The decision to decommission our long-standing on-site library system was not easy. It required us to become an early adopter of a somewhat revolutionary idea: completely moving our library system (circulation, acquisitions, cataloging, and discovery tools) to the cloud. Adopting OCLC WorldShare, a hosted solution, as our library system, resulted in savings of over a quarter million dollars. Because the system is cloud-based, we don't need any servers for it on campus, we no longer need a systems librarian, and we don't need third-party discovery tools, since OCLC offers its robust WorldCat front end.

Data Center

At Bucknell, we have successfully transitioned much “software as a service” to the cloud, but now are actively planning to move some of our infrastructure to the cloud. The reasons are simple: provide disaster recovery, provide scalability during peak times, provide a place for experimentation with new technologies, and reduce the cost of capital investments in hardware.

The cloud offers many opportunities for colleges and universities to re-think what services they provide to their constituents. At Bucknell, we are even moving our Enterprise Resource Planning (ERP) systems to the cloud, and by the end of 2017 will have transitioned our Admissions, Finance, Human Resources, Payroll and Developments systems to cloud providers. 

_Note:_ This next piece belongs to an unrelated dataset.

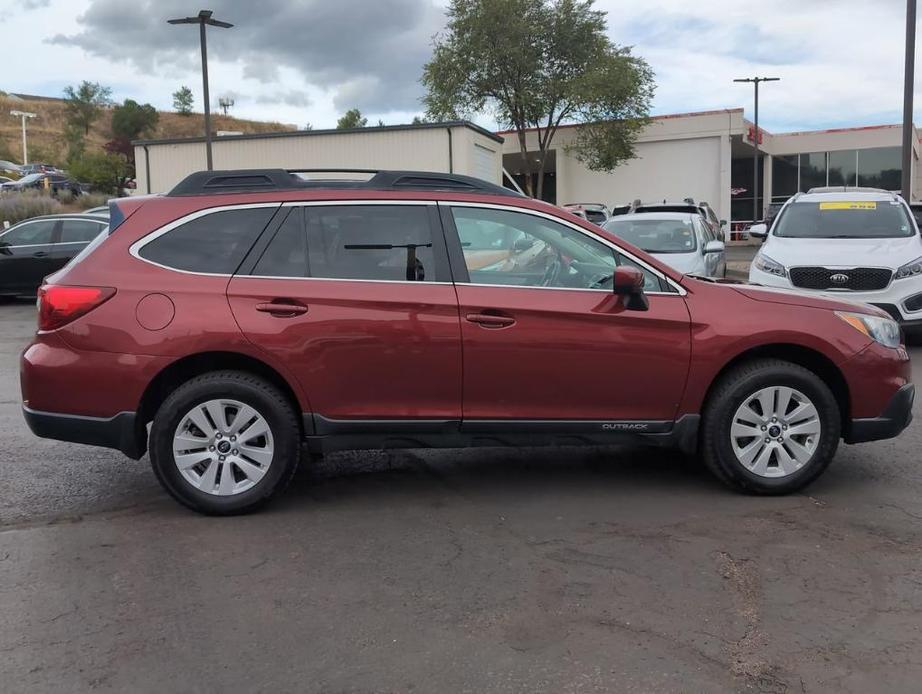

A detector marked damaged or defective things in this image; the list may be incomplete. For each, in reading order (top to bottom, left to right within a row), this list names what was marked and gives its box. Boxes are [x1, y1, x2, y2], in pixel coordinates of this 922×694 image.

cracked asphalt [1, 300, 920, 694]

Big Data and Predictive Analytics

The application of advanced analytics is happening all around us. We are surrounded by “machine learning” and often don’t even know it. Think about the last time you posted a picture online. How did the website know to tag your friends? The answer is computing power, supervised and unsupervised statistical techniques, and the use of big data (i.e., structured and unstructured data, internal data, external data, data created from other data fields, etc).

For colleges and universities (CU), there are a number of questions that can be addressed with the use of analytics at any given point in the post-secondary student enrollment lifecycle, including student marketing and recruitment, admissions decisions, financial aid support, the formative campus experience, student graduation, and ultimately interaction as alumni. Some questions include: Where and how do colleges and universities market to get the best students? How will the increasing student diversity in CUs impact retention? How do CUs proactively identify struggling students to help them succeed? How do CUs create a more engaged student? What “nudges” can CUs leverage to improve student engagement and success? What can CUs do to increase alumni interaction and donations?

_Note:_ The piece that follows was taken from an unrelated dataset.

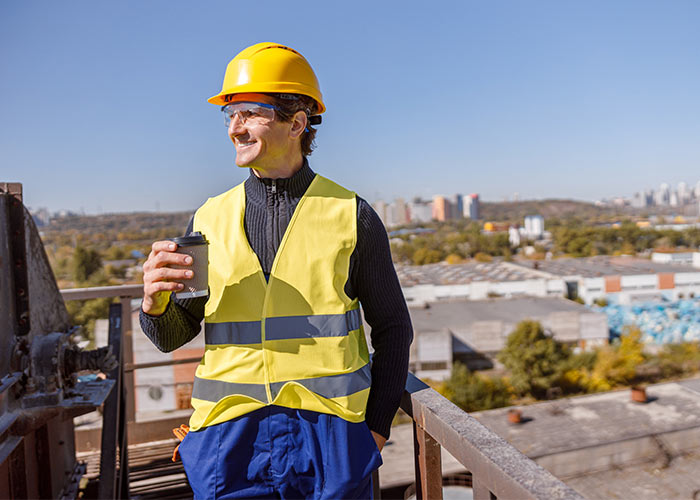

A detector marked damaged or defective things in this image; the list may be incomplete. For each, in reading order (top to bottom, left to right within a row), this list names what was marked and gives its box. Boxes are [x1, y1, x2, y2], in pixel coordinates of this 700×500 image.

rusty metal beam [416, 420, 442, 498]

At Bucknell University, our analytic efforts are focused on analyzing and improving student engagement and success through the use of big data and advanced analytics. Our approach is that, almost every student can be successful when the university provides him or her with appropriate and individualized resources. That is where the power of predictive analytics comes in. We can apply the analysis to each student, and know which students we need to reach out to, and provide appropriate resources.

I think higher education CIOs have the best job on campus; it is one of the few roles where you get to engage with every constituent: students, faculty, staff, trustees, alumni and with the community in general.